Minimnya pengajaran, kajian, dan keahlian terkait Pasifik mempertegas retorika sebagai bagian dari bangsa Pasifik, tetapi tak memiliki literasi Pasifik memadai. Para pemangku kepentingan lain, seperti diplomat dan wartawan, juga perlu meningkatkan lagi diskursus terkait Pasifik. Pemahaman tentang kawasan dan masyarakat Pasifik masih berfokus pada interaksi formal dan minim interaksi informal.
Sebagai kawasan maritim dengan nilai kultural begitu tinggi, masyarakat Pasifik membangun komunikasi berdasarkan interaksi sosial dan kultural. Ini terlihat dari pengaruh aktor-aktor non-negara yang banyak terlibat dalam advokasi lingkungan, dampak nuklir, ketahanan ekosistem maritim, ataupun perlindungan kelompok masyarakat rentan di Pasifik.
Layaknya keterlibatan aktif dengan aktor-aktor non-negara di ASEAN, para diplomat RI perlu melakukan upaya serupa dengan kelompok masyarakat sipil yang cukup berpengaruh di Pasifik, seperti Pacific Network on Globalisation (PANG), Pacific Islands Association of Non-Governmental Organisations (PIANGO), Pacific Regional NGOs (PRNGO), dan Pacific Women’s Network Against Violence Against Women.
Interaksi informal dengan kelompok-kelompok tersebut tanpa apriori tertentu akan membantu memahami sejauh mana peran dan keterlibatan Indonesia berdampak pada kawasan dan masyarakat Pasifik.
Keterlibatan media juga menjadi penting dalam membangun diskursus Pasifik. Sejauh ini, pemberitaan Pasifik juga masih terbatas pada isu Papua, geopolitik, dan bencana alam. Hanya segelintir media, seperti tabloid Jubi di Papua, yang secara konsisten dan khusus menyediakan rubrik Pasifik untuk memberitakan dinamika sosial, politik, budaya, ekonomi, dan keamanan di kawasan itu.
Hal ini menunjukkan kurangnya minat masyarakat Indonesia secara umum untuk mengetahui perkembangan kawasan Pasifik yang secara geografi sangat dekat dengan Indonesia.
Klaim dan diskontinuitas
Dalam dua dekade terakhir, pernyataan sebagai bagian dari bangsa Pasifik masih bermasalah akibat klaim lemah terkait komposisi demografi Melanesia di wilayah Indonesia dan ketidakberlanjutan peranan Indonesia di Pasifik. Dalam riset kami (Wangge & Lawson, 2023), klaim 11 juta penduduk Melanesia yang mewakili kedekatan Indonesia dengan Pasifik perlu dipertanyakan.
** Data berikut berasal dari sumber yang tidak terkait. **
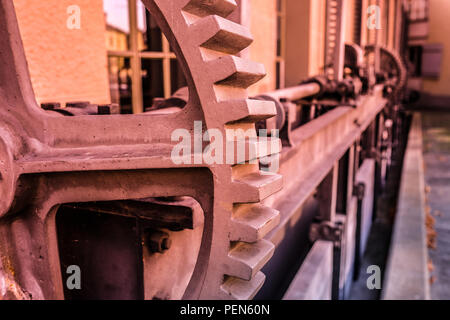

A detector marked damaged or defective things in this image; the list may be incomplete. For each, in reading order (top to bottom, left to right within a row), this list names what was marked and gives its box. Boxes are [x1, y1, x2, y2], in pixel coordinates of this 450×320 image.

Jumlah itu menggabungkan orang asli Papua (OAP), Maluku, dan NTT dengan pendatang yang cukup lama berdomisili di tiga wilayah itu. Dari tiga wilayah tersebut, hanya OAP yang sedari awal mengidentifikasikan dan mempraktikkan budaya dan identitas Pasifik. Ikatan kultural, historis, dan emosional juga menjadi dasar solidaritas dan simpati masyarakat Pasifik secara khusus terhadap kondisi di Papua. Sementara Maluku dan NTT bertumbuh dalam pengaruh budaya Melayu yang cukup kuat.
Dalam dua dekade terakhir, pernyataan sebagai bagian dari bangsa Pasifik masih bermasalah akibat klaim lemah terkait komposisi demografi Melanesia di wilayah Indonesia dan ketidakberlanjutan peranan Indonesia di Pasifik.
Hal lain yang membatasi proyeksi kepentingan Indonesia terkait Pasifik sejauh ini adalah diskontinuitas dalam membangun interaksi di kawasan Pasifik. Pada awal tahun 2000-an, Indonesia menginisiasi Forum Kerja Sama Selatan-Selatan yang akhirnya tidak berjalan. Festival Kultural Melanesia Indonesia (Melindo) tahun 2015 dan Forum Indonesia Pacific Parliamentary Partnership tahun 2018 adalah contoh lain dari inisiatif Indonesia yang tidak berkelanjutan.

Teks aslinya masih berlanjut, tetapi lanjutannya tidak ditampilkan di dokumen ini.